(Brief descriptive captions)
Start of Block

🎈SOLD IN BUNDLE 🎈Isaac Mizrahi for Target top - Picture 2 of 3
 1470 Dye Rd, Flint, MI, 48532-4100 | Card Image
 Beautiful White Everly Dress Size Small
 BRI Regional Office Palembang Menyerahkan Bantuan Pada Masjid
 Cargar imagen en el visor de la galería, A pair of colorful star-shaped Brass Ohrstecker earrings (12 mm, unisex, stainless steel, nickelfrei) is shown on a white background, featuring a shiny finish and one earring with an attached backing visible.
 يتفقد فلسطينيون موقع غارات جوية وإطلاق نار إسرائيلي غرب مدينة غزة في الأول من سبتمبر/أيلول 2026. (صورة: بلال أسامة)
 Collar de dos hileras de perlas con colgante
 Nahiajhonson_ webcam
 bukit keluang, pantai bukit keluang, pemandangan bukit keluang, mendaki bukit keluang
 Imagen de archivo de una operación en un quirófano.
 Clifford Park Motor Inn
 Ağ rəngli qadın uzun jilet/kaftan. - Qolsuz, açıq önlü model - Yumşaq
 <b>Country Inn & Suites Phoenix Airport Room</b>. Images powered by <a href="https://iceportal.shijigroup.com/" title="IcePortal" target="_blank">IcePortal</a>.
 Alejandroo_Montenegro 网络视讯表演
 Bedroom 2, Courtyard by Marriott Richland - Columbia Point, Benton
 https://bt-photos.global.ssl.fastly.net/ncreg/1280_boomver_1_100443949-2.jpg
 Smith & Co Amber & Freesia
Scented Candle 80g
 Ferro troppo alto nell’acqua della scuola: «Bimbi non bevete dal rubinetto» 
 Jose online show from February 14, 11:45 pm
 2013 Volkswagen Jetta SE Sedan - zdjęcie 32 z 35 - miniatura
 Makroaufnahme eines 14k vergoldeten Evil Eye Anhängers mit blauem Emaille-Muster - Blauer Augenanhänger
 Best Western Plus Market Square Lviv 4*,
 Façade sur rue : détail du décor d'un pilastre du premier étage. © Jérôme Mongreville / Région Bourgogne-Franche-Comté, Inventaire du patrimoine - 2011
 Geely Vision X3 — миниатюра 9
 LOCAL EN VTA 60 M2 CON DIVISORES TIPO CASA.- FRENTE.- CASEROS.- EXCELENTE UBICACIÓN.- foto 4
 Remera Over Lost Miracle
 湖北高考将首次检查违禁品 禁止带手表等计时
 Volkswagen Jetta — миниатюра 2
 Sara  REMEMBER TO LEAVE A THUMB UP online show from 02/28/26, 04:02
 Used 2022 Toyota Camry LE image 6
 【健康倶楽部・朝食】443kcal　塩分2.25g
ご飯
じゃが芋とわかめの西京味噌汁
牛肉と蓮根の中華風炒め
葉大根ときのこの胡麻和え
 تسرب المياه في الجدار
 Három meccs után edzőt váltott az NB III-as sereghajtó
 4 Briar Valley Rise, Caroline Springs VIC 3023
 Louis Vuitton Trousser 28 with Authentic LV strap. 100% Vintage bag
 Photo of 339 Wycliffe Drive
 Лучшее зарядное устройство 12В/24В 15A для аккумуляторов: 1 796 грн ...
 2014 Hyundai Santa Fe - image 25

End of Block

**Task statement**
Would you copy out exactly the lines above that start at the one containing "Alejandroo_Montenegro 网络视讯表演" and end at the one containing "Ferro troppo alto", inclusive?

**Task response**
 Alejandroo_Montenegro 网络视讯表演
 Bedroom 2, Courtyard by Marriott Richland - Columbia Point, Benton
 https://bt-photos.global.ssl.fastly.net/ncreg/1280_boomver_1_100443949-2.jpg
 Smith & Co Amber & Freesia
Scented Candle 80g
 Ferro troppo alto nell’acqua della scuola: «Bimbi non bevete dal rubinetto» 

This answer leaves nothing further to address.